Ramon Hernandez, CIN (Right elbow)
Ramon Hernandez’s elbow has been sore for the past couple of days. While Dusty Baker is saying that it's structurally sound, something is not quite adding up in his full explanation. Baker and Hernandez have been quoted as saying that the elbow improves once it warms up and stiffens between innings, but the key is that Baker also says that Hernandez has trouble extending it at times. A few possibilities include loose bodies, muscle strains, bone spurs, and a condition called valgus extension overload (VEO). VEO is commonly seen in throwers, and refers to a condition in which bone spurs can form, elbow extension can be lost, and the UCL can be compromised to some degree. This doesn’t automatically mean that surgery will need to be performed for someone with valgus extension overload, but it is a possibility if the loss of motion persists. If it is VEO and the UCL is not too compromised, Hernandez will likely try rehabilitation first. He will visit with Dr. Timothy Kremchek on Thursday to determine a diagnosis and prognosis.
Frank Francisco, TOR (Right pectoral)
See, not every visit to Dr. Andrews ends with a scar. The famed surgeon evaluated Frank Francisco’s shoulder and chest and found no structural damage. It wasn’t specified which pectoral muscle was involved (major or minor), but either way, that's good news. The pectoralis major is the large muscle on the front of the chest. It also happens to be a strong internal rotator of the shoulder that helps accelerate the ball while pitching. The pectoralis minor helps to stabilize the shoulder blade, prevents impingement, and provides a stable base to serve as an attachment point for the posterior muscles. Without frank tearing of the muscles, this is rarely a surgical condition and can be addressed through focused physical therapy. Francisco will start the season on the disabled list, just to be safe, and he should be back by mid-to-late April.
Johnny Cueto, CIN (Right shoulder inflammation)

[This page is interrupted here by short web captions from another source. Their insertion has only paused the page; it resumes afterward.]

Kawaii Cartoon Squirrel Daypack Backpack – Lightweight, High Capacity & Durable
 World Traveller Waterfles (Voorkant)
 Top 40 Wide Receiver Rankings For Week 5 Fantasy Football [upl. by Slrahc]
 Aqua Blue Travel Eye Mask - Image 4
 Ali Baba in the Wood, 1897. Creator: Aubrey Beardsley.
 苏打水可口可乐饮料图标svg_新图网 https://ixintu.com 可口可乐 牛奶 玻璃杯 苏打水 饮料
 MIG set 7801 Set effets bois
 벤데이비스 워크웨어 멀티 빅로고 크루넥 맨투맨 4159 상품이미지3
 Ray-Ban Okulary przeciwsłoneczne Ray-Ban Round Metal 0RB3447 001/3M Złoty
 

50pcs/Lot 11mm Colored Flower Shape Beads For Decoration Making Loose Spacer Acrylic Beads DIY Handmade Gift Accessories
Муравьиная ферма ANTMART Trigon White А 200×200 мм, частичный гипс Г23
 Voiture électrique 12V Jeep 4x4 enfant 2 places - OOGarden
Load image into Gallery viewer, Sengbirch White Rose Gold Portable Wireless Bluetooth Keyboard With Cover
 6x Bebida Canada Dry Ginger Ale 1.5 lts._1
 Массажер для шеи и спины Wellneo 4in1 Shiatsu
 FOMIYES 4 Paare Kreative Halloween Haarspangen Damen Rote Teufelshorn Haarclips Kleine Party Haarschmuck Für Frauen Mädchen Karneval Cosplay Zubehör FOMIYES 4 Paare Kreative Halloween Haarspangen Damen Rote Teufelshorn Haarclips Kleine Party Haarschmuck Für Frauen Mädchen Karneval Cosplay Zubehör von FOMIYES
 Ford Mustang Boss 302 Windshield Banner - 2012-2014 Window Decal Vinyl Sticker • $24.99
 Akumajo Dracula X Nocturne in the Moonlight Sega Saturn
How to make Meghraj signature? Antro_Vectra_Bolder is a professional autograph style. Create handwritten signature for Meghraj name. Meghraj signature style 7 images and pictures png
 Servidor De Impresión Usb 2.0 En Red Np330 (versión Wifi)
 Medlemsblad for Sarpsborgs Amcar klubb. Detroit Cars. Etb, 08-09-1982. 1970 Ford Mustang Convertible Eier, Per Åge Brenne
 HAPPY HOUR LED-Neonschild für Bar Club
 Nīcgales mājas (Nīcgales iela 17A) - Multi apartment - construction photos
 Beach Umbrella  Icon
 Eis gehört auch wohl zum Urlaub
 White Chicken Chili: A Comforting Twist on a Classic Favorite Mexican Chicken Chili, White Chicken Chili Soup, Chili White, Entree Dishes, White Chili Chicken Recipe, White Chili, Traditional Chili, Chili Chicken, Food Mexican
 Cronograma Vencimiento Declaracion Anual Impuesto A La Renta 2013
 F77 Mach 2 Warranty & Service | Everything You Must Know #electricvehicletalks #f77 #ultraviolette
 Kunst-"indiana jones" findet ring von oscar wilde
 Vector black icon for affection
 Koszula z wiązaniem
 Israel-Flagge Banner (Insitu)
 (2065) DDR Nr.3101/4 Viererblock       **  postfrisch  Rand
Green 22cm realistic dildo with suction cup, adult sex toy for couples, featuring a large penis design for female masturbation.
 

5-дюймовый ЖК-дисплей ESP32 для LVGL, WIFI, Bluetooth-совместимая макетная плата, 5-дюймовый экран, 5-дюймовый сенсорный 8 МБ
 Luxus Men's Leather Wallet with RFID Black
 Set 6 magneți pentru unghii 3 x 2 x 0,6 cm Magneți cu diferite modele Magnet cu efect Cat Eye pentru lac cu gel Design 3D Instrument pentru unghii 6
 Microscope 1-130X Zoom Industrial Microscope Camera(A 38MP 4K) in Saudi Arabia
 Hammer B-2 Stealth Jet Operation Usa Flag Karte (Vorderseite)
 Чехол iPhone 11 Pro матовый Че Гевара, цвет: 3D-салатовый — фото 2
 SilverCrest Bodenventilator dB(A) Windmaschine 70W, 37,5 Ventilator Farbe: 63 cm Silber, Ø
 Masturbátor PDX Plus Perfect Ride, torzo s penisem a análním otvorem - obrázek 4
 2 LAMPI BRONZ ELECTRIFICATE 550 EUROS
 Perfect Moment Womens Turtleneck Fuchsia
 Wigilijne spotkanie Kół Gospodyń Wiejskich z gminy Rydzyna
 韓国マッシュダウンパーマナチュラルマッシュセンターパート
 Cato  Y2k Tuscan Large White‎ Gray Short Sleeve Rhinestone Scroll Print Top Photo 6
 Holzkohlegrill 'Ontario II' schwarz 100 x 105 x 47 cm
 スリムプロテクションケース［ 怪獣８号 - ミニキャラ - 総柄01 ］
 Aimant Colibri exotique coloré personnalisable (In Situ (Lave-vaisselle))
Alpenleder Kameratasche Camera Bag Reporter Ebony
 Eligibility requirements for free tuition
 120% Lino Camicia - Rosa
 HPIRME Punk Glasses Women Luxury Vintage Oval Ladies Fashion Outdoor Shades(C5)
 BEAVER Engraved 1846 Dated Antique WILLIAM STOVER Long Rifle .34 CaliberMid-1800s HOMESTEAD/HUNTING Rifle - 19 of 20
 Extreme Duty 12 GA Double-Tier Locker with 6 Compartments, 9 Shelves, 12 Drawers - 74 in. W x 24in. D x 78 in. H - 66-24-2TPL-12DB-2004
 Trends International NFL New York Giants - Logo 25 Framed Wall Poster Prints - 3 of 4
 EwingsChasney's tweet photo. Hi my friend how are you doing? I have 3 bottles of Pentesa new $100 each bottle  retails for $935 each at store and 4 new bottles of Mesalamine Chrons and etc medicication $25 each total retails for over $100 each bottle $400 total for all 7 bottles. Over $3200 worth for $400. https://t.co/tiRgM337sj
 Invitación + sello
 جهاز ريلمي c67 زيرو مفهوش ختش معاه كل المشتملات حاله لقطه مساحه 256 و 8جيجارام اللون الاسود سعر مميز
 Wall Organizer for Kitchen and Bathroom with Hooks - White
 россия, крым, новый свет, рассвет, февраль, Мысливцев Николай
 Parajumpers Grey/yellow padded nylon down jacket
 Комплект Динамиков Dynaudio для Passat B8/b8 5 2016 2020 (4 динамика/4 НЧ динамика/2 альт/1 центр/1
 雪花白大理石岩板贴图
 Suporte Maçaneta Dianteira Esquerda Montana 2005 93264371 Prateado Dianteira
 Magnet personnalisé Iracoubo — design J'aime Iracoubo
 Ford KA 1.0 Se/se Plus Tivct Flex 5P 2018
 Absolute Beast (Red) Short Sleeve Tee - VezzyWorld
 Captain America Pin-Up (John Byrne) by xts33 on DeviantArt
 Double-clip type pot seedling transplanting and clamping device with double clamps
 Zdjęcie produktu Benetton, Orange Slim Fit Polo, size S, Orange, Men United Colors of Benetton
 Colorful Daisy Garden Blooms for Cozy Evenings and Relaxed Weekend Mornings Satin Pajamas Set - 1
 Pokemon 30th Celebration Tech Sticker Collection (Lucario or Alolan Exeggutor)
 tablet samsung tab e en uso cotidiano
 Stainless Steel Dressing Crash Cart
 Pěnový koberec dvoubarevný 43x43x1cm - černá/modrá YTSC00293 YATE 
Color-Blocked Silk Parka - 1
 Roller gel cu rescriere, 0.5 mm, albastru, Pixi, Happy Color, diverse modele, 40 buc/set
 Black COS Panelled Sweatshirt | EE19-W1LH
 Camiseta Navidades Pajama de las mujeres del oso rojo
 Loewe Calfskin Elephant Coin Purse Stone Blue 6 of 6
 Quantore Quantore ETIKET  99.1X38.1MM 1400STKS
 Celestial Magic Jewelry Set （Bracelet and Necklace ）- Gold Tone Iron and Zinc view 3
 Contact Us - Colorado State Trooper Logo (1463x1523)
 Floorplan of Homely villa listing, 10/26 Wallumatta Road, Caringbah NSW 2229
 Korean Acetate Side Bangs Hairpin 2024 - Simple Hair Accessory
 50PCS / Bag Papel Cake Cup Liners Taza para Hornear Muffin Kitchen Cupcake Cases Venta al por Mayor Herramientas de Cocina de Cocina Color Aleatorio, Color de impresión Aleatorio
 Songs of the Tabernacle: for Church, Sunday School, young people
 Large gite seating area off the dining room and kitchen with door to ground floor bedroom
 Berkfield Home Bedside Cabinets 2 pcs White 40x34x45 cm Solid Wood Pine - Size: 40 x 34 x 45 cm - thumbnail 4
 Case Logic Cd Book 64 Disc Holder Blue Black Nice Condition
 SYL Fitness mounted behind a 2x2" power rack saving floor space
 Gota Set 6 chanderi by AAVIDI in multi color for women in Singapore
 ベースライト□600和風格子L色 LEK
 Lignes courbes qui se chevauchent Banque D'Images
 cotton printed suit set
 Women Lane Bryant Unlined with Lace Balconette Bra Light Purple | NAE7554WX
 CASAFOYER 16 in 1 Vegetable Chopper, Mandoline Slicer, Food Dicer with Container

After being forced to leave Saturday’s start, Cueto was further evaluated in Cincinnati and diagnosed with right shoulder inflammation. He previously suffered from both elbow and shoulder inflammation in 2008 and 2009. The reports of biceps stiffness or soreness could be the result of direct inflammation of the long head of the biceps, or they could reflect the body’s attempt to protect the shoulder from further injury. Cueto will be shut down for approximately a week before beginning a throwing program. He’s ticketed for the disabled list, but it appears that he should return in mid-to-late April as well.
Jason Donald, CLE (Left hand fracture)
Whenever a thrown ball hits any bone there is a chance for a fracture: it doesn’t matter if it’s the hand or the ankle. Donald found this out the hard way after a pitch from Gavin Floyd caused a very small fracture at the base of the index finger on his left hand. He’s going to be restricted from baseball activities for at least another 4-7 days and will likely have to begin the season on the disabled list. These injuries tend to heal well: most of the smaller bones heal in roughly six weeks' time, putting him in line for a mid-April return.
Flesh Wounds: After being carted off the field on Tuesday, Eugenio Velez was diagnosed with a grade II (moderate) ankle sprain. He is going to be down for at least 3-5 weeks. ...Another day, another Yankee with an oblique strain. Curtis Granderson and Joba Chamberlain now have something to talk about. ... Mike Baxter will have surgery to reconstruct his torn left thumb ligament. ... Kendrys Morales is experiencing pain on the ball of his left foot and is being seen by a foot specialist. He was already having a rough time this spring recovering from last year's fractured leg. Prognosis details have not yet been released. ...John Jaso still hasn’t played in a game since taking a foul ball to the groin in Saturday’s game.